'''

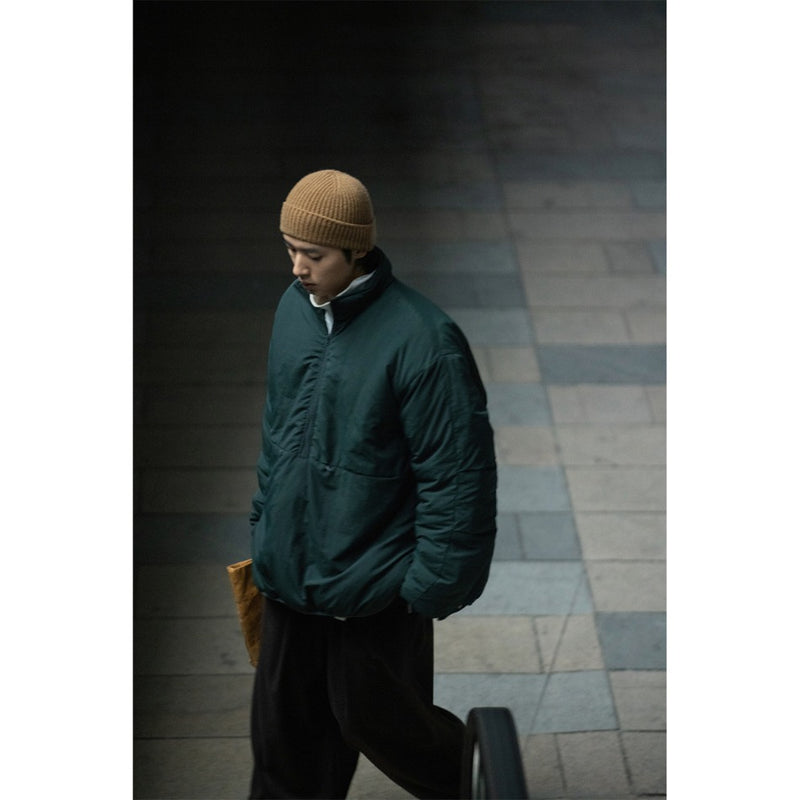 Unisex Coat Stand Collar Coat Vintage Zipper Cotton-Padded Jacket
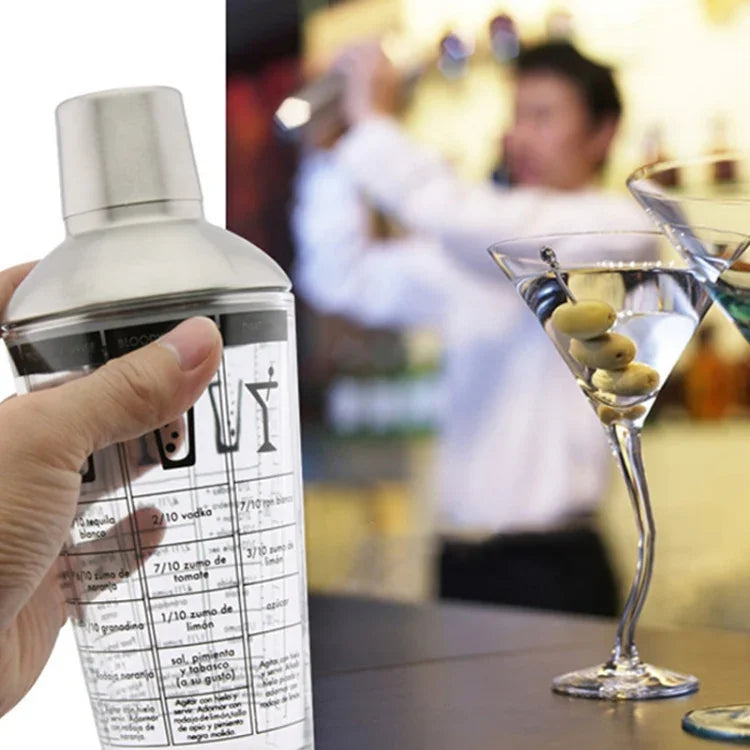 스테인리스 스틸 유리 칵테일 셰이커 도구 밀크티 컵 스케일 포함, 용량: 450ml, 450ml 칵테일 셰이커
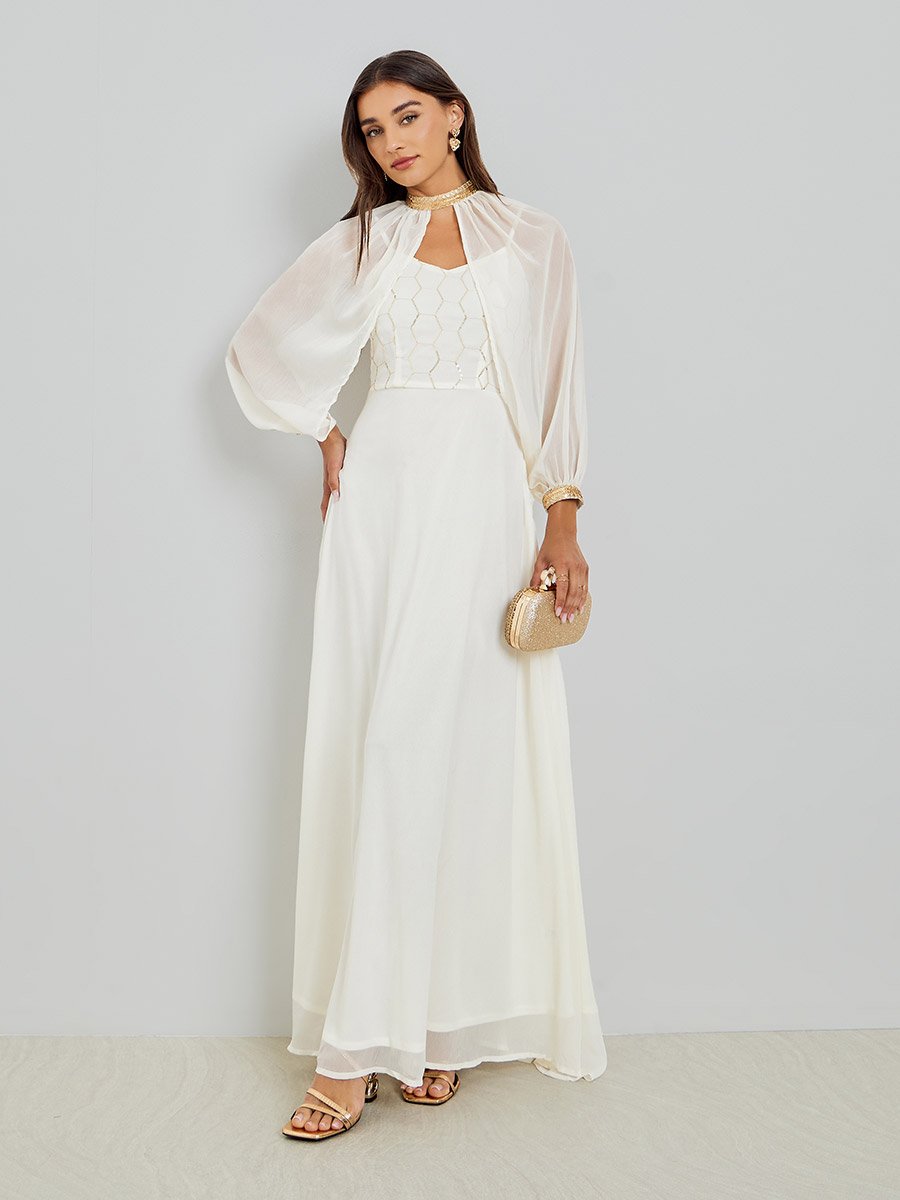 Off White Sequin Maxi Dress with Removable Cape For Default Category at  Kuwait | Styli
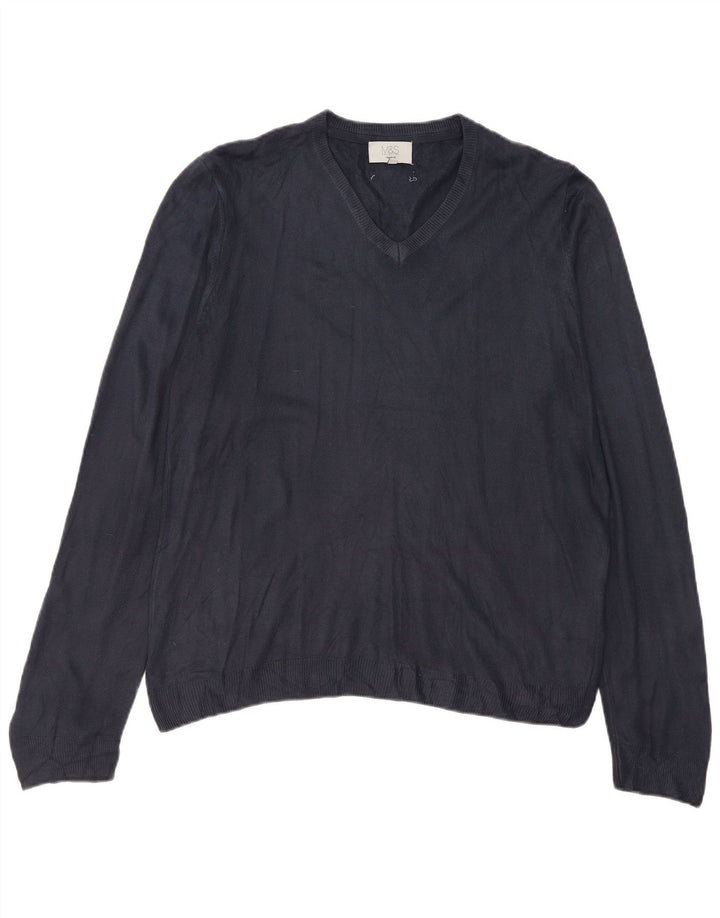 Marks & Spencer Herre Regular Fit V-hals sweater Stor marineblå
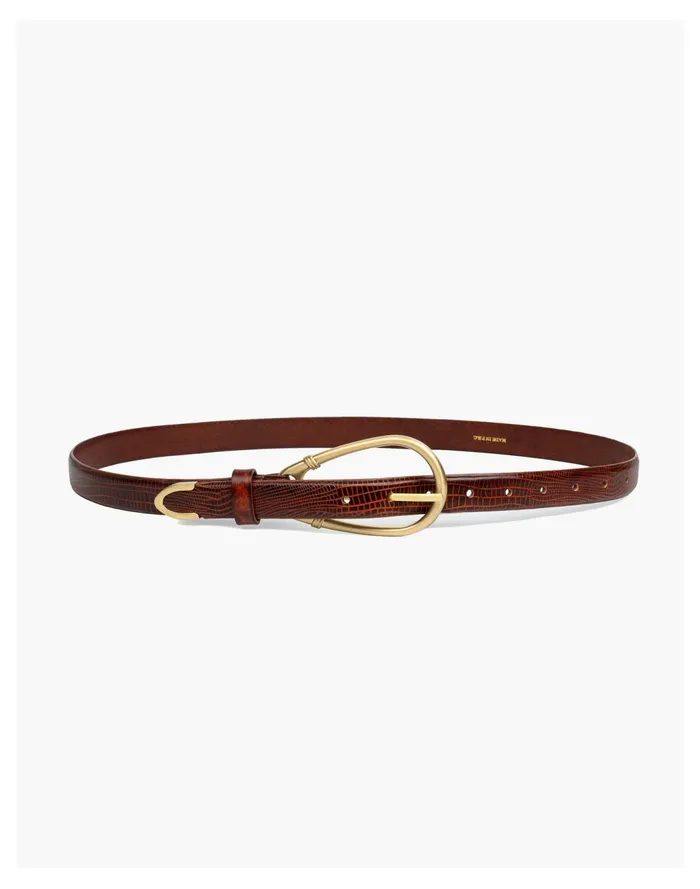 Women Sancia Leather Elysees Skinny Belt Vintage Brown Madewell Belts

'''

## Prompt
Only the lines from the one containing "Off White Sequin" through the last line of the entries should be transcribed, exactly and with no pictures.

## Written response
 Off White Sequin Maxi Dress with Removable Cape For Default Category at  Kuwait | Styli
 Marks & Spencer Herre Regular Fit V-hals sweater Stor marineblå
 Women Sancia Leather Elysees Skinny Belt Vintage Brown Madewell Belts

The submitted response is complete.